GIVEN MATERIAL =
● ● ● ●
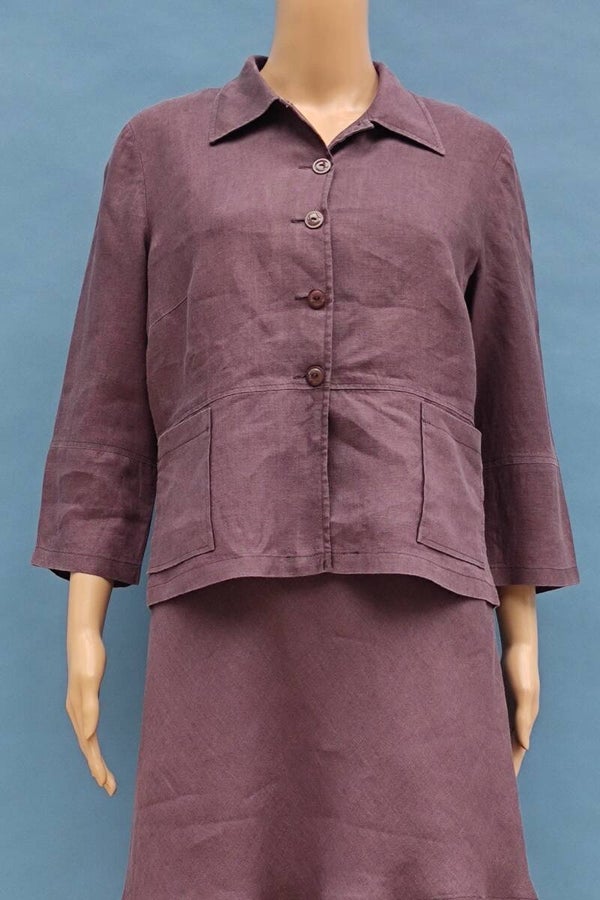 Leinenbluse 3/4 Arm lila Gr. S (36)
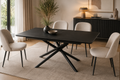 Table extensible ZEPHIR – Métal noir &amp; plateau céramique marbré noir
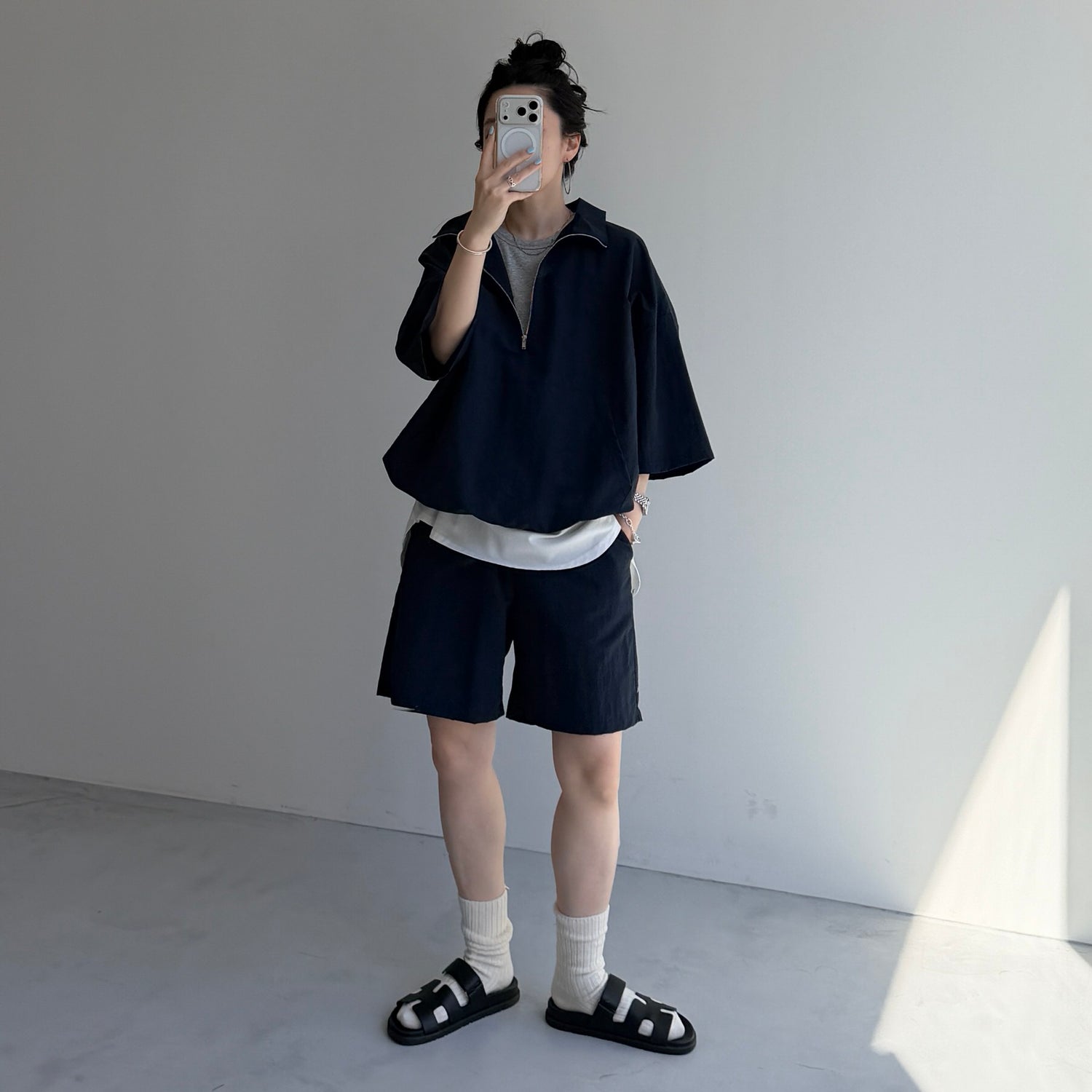 over size half zip nylon po / navy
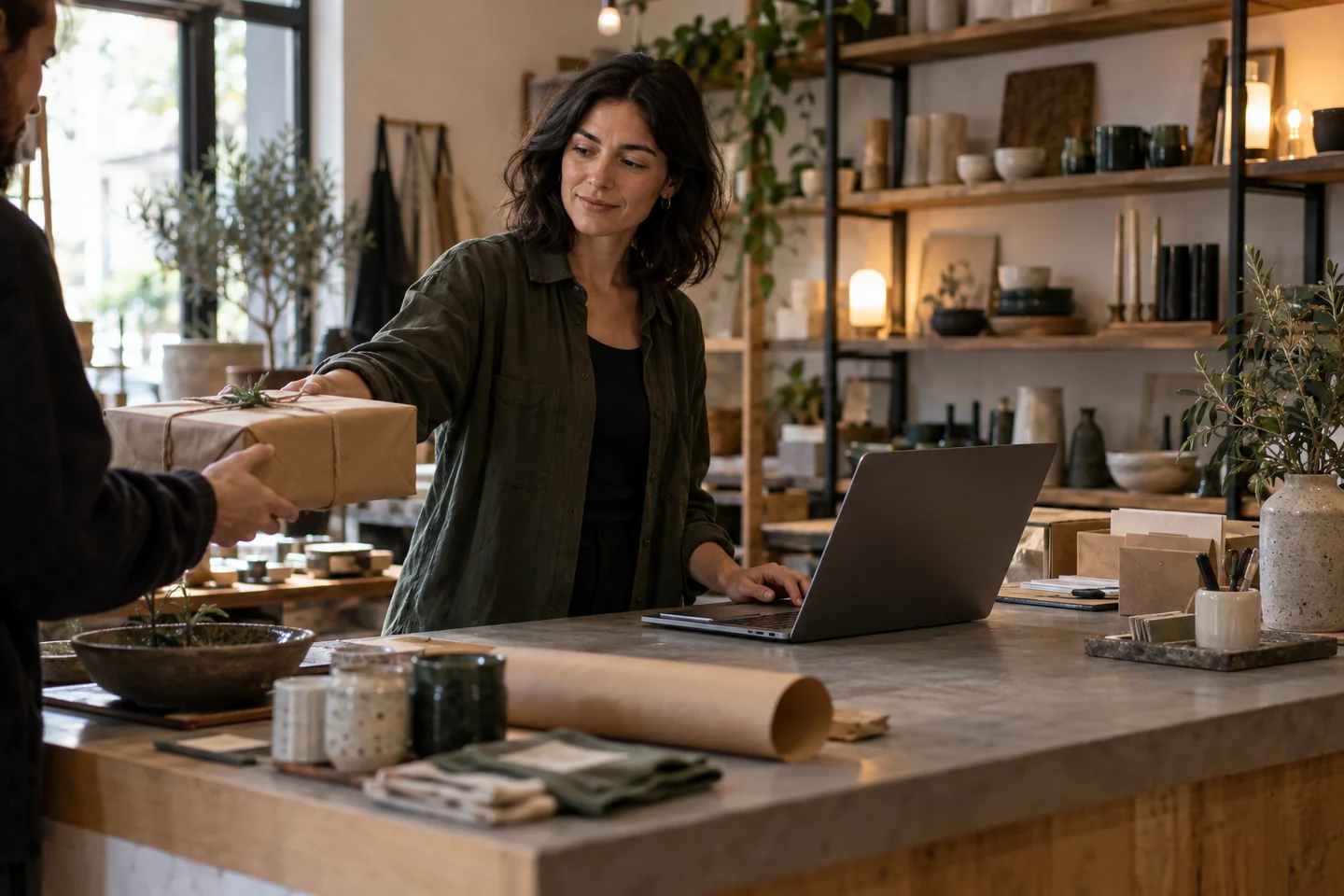 A shop owner handing over a packed order beside her laptop in a homewares store.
● ● ● ●
WORK REQUIRED =
Return only the lines from the one that contains "over size half zip nylon po / navy" through the closing line of the data, inclusive, reproduced exactly and with every picture left out.

PROBLEM SOLUTION =
 over size half zip nylon po / navy
 A shop owner handing over a packed order beside her laptop in a homewares store.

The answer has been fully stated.